Geography KS3: The balance between tourism and conservation in Madagascar
The children consider whether Madagascar would be better without tourism.
We then meet local people who sell souvenirs that help bring money into the local economy and create jobs for local people.
The children work alongside local people to make whale souvenirs and think about the link between economy and conservation.
Eight children from the UK visit Madagascar to see what life is like there for people and animals.
Their time is spent visiting exotic tourist locations where people are allowed to get up close to the animals.
This includes a popular sightseeing boat trip to watch humpback whales and a discussion about the effects of noise pollution on the whales.
This clip is from the series Deadly Dilemmas.

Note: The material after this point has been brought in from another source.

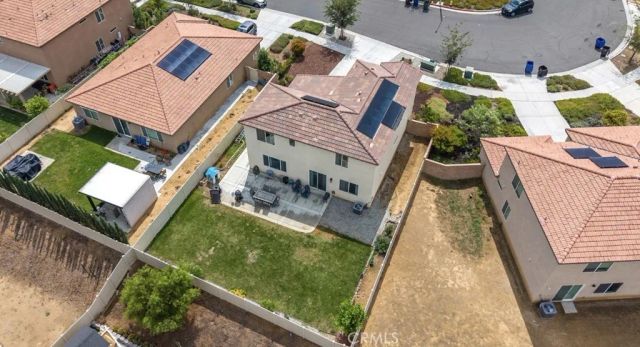 9689 Scioscia Street, Riverside, CA 92503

Could be used to start a discussion for and against tourism in Madagascar.
Students could be encouraged to discuss wildlife regulations that govern tourism.
How are animals by tourism? What is the consequence of increasing numbers of tourists?
In groups, children could agree a set of wildlife regulations that tourists should abide by.
Students can be asked to debate the impact of tourism on wildlife and the pros and cons of tourism in general.
Are there any positives to tourism in Madagascar? Can the economy and conservation support each other?
In pairs, students can work to summarise different sides of the argument.
As a further activity, the class can be divided into groups to produce a TV advert (in storyboard form or as a short film), radio jingle or poster to persuade people to visit Madagascar in a way that supports the local economy in their efforts to protect the whales.
This clip will be relevant for teaching Geography at KS3 in England, Wales and Northern Ireland and 3rd and 4th Level in Scotland.